Malgré le soulagement que le prix pour la campagne 2020 soit supérieur de 14%, l’appréhension demeure dans le secteur sucrier et chez les producteurs sucriers. « Certes, il y a une amélioration du prix, mais nous sommes toujours loin du “viability price” moyen, qui est de Rs 17 000 la tonne », rappelle Devesh Dukhira. D’où l’importance de connaître les recommandations du rapport de la Banque mondiale, soumis au gouvernement depuis décembre. Des recommandations qui permettront d’assurer la viabilité future de l’industrie sucrière et qui sont attendues avec impatience dans les milieux sucriers.
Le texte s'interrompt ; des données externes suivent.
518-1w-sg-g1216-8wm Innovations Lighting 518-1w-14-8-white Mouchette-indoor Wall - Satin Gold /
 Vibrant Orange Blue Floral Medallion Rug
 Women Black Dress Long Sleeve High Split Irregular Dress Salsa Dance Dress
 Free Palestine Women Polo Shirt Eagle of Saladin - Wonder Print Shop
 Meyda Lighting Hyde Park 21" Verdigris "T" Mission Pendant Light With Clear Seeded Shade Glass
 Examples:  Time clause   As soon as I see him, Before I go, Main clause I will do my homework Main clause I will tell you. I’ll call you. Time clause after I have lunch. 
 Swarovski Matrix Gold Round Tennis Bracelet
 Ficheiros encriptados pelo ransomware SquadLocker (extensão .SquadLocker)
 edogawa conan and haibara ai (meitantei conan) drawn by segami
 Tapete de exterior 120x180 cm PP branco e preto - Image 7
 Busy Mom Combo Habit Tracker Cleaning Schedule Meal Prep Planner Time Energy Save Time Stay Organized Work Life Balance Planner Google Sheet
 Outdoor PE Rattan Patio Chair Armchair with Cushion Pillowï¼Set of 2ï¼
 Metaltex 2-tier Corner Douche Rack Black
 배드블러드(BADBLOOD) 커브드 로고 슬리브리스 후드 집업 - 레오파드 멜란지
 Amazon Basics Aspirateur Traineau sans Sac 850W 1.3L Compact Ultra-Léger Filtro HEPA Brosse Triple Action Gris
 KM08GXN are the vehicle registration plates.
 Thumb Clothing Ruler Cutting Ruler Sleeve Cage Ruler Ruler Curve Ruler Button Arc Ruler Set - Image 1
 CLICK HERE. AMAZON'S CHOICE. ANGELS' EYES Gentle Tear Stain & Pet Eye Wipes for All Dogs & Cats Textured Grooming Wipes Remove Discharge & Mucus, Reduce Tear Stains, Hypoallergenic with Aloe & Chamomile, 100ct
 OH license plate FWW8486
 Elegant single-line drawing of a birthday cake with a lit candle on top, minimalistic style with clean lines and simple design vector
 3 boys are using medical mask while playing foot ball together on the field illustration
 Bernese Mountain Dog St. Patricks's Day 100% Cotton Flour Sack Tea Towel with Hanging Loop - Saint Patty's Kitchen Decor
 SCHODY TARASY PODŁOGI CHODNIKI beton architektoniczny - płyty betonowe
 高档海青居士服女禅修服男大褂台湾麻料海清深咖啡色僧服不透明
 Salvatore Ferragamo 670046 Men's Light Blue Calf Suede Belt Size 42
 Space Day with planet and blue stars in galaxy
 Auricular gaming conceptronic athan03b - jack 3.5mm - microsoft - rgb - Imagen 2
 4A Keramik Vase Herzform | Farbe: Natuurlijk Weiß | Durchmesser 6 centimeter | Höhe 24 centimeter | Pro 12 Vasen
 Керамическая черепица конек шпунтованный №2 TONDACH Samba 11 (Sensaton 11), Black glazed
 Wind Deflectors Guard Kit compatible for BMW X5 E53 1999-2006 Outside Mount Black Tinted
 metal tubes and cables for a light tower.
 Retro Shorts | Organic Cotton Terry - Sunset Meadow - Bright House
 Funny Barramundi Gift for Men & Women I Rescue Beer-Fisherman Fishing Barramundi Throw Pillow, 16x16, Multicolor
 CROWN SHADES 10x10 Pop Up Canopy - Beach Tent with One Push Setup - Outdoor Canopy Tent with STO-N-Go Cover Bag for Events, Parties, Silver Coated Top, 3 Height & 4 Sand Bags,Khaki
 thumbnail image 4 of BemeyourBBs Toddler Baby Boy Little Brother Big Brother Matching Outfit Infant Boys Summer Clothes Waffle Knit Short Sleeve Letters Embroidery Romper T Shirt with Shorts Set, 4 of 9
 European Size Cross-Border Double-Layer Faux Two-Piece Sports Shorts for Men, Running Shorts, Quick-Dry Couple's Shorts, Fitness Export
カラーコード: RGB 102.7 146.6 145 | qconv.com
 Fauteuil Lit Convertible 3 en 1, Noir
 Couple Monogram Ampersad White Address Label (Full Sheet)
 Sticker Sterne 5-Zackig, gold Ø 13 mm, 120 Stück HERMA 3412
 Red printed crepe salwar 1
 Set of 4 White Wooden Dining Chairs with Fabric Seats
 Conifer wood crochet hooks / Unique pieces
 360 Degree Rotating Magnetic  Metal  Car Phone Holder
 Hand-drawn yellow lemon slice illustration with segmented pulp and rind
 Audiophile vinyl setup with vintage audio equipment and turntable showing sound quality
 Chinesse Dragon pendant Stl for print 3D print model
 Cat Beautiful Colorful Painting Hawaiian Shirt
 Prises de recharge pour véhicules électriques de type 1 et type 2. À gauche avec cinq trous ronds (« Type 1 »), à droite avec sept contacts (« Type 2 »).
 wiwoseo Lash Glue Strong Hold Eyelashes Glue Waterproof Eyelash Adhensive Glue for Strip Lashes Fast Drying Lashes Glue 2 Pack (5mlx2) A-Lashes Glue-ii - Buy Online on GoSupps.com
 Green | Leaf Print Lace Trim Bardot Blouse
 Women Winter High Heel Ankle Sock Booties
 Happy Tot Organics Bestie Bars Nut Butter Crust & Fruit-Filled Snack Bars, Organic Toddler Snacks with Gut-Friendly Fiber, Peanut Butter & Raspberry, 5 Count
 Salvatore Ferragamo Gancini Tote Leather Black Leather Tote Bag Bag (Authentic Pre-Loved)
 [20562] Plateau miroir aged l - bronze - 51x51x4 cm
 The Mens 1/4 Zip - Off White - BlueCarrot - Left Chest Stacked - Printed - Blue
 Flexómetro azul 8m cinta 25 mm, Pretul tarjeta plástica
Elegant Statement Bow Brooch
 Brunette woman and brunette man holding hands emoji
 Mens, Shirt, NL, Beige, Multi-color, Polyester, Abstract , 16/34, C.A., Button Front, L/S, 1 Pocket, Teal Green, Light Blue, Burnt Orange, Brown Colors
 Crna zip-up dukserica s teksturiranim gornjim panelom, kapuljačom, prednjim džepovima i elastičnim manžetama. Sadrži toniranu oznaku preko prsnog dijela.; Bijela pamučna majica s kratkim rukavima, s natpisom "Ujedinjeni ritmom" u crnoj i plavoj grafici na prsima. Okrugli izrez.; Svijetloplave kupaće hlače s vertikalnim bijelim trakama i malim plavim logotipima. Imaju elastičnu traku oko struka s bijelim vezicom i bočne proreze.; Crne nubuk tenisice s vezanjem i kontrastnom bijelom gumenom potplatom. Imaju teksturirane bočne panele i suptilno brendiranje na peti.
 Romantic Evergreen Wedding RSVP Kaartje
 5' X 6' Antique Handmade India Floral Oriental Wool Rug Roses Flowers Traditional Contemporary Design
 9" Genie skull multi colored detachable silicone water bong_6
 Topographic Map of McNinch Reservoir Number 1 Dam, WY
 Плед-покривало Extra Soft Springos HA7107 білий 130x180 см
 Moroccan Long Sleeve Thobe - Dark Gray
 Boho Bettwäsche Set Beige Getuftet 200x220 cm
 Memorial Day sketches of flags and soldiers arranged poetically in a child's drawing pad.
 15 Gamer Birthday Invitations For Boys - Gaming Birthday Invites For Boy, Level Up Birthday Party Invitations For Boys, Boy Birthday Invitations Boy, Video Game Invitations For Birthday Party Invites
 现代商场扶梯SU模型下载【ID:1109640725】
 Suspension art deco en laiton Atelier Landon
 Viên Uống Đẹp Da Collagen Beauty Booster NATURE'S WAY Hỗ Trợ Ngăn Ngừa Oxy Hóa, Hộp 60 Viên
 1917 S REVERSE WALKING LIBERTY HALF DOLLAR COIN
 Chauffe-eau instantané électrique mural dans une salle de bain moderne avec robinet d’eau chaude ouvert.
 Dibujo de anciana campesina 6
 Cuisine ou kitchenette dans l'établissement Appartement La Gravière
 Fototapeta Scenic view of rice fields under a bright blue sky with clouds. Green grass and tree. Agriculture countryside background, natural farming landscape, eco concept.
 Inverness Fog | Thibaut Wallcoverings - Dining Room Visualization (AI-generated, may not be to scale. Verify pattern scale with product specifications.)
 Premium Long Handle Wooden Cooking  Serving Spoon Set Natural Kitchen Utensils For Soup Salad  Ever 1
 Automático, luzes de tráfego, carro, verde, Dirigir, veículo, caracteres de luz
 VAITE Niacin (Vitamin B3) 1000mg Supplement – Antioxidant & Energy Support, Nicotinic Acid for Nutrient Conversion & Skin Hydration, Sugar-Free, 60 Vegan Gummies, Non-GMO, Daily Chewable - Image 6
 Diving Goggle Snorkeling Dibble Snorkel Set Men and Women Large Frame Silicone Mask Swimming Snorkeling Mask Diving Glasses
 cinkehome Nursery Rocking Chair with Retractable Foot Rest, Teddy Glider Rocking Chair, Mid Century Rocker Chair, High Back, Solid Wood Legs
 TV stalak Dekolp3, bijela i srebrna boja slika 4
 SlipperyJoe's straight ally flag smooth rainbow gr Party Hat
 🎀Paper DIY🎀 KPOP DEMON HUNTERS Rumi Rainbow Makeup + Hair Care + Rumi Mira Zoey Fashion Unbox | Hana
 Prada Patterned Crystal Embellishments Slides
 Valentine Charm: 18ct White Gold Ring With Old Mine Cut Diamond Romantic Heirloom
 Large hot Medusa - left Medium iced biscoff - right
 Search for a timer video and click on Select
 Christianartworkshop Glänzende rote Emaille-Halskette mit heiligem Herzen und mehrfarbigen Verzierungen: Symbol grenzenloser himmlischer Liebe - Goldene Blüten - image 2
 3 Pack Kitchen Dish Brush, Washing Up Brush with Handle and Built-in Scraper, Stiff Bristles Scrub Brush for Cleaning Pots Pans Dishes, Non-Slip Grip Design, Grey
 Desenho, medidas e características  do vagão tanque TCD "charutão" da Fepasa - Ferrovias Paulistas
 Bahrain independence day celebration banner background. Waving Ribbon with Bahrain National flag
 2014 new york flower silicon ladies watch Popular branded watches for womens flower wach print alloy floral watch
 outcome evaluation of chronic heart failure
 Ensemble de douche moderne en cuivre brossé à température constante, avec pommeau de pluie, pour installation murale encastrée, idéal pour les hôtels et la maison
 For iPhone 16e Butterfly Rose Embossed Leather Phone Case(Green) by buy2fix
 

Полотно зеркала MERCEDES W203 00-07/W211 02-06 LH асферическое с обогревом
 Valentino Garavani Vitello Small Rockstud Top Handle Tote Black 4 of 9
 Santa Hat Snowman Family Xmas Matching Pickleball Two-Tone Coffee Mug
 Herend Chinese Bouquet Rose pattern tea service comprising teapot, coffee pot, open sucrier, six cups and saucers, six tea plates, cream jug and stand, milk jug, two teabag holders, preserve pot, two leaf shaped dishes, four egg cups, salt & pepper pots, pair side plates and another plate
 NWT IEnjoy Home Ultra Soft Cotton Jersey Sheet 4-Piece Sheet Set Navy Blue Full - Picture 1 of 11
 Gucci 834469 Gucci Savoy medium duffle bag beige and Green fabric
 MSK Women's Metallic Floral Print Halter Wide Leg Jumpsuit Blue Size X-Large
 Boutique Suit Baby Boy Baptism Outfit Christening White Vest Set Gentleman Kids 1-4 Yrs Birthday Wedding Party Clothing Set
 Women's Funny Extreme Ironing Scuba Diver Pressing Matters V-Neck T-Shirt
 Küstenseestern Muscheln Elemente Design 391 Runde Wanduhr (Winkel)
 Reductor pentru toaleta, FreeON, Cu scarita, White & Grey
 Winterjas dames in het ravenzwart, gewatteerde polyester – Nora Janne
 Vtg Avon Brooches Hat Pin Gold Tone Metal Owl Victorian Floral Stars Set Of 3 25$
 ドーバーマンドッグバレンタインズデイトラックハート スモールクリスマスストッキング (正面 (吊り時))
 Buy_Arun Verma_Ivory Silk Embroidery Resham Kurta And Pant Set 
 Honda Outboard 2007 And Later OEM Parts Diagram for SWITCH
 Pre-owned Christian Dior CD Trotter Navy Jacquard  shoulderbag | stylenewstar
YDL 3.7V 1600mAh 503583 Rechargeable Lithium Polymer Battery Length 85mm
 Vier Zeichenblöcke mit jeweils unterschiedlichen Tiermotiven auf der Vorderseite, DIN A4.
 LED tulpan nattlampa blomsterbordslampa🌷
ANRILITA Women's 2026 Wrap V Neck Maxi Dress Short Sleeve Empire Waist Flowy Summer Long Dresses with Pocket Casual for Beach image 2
« Ces recommandations permettront de viabiliser l’industrie et de valoriser les sous-produits de la canne à leur juste valeur, en particulier la bagasse », explique Devesh Dukhira. Pour lui, il y a urgence de revoir la valeur de la bagasse. « La bagasse représente 15% de production électrique nationale. Si nous n’avions pas la canne pour faire de la bagasse, il aurait fallu trouver une autre source énergie ; la bagasse a une grande valeur, c’est un “game changer”. Il y a une grande attente du secteur concernant la bagasse », explique le CEO du MSS.